Comment avez vous réussi à surmonter la difficulté à trouver des interlocuteurs bancaires et des dossiers de prêts bancaires?
Bruno – C’est en s’appuyant sur les contacts préalables pris par les groupes d’habitants au sein d’HEN et la confiance établie au fil des projets. Ce type de dossiers se traite au niveau des sièges régionaux voire avec une consultation au niveau national. Ne pas perdre d’énergie avec une agence bancaire locale qui n’aura pas les compétences pour instruire ce type de dossier. Nous avons mobilisé différents types de prêt : PLS sur 40 ans et « libre » sur 25 ans. Seules quelques banques sont habilitées à délivrer des prêts PLS.
Avez vous envisagé d’autres montages juridiques?
Bruno – Dans la configuration économique et les situations des membres du groupe consolidé, la coopérative s’est imposée comme le meilleur outil pour garder tout le monde à bord.

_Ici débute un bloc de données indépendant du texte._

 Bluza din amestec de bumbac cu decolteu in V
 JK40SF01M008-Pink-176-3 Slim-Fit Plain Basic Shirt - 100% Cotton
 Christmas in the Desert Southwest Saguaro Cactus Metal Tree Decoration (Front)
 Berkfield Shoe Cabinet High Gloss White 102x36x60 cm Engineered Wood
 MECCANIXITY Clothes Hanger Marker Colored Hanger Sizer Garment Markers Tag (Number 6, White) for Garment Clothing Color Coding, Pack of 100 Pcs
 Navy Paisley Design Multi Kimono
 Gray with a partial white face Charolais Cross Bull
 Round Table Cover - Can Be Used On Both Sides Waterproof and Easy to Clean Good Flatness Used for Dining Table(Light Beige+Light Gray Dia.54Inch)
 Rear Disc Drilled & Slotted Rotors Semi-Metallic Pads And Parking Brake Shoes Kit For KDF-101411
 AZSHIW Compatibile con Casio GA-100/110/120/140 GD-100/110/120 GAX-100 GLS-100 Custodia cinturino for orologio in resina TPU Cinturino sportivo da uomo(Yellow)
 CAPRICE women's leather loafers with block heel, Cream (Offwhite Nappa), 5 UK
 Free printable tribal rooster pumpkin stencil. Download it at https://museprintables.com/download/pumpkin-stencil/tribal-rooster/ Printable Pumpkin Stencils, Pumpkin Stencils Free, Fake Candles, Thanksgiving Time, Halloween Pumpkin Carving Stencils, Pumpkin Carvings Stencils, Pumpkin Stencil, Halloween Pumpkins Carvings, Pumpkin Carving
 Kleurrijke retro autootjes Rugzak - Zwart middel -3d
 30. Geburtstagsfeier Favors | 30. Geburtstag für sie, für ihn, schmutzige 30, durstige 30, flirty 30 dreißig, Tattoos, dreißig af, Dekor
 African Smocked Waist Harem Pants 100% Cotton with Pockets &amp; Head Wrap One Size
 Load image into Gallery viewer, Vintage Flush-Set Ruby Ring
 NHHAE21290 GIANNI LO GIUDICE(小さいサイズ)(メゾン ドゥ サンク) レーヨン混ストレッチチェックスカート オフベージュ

A quel moment avez vous créé la structure juridique?
Bruno – La création de la coopérative sous la forme d’une SAS à capital variable à statut coopératif s’est faite quelques mois après la signature du compromis de vente établi en indivision par 4 membres du groupe dotés du capital pour acquérir le bien. Ce compromis intégrait une clause de substitution qui a joué au profit de la coopérative. La conclusion de l’acte authentique était également assortie d’une clause suspensive pour l’obtention du permis de construire purgé avec un délais de 12 mois.
Quelle structure, s’il y a lieu, vous a aidé pour votre montage juridique? Idem pour le montage financier ?
Bruno – Le groupe a fonctionné en autonomie en s’appuyant sur les ressources et compétences internes. Habicoop sollicité pour assurer un accompagnement sur le montage en coopérative ne pouvait assurer cette mission dans des délais compatibles avec notre calendrier. Nous avons pris alors appuis sur les statuts de coopératives existantes et rédigé collégialement nos statuts. Le projet de statut a fait l’objet d’une relecture et d’ajustements par notre notaire, « aculturé » aux spécificités de nos projets depuis plusieurs années.
Comment est calculé le montant de la redevance ?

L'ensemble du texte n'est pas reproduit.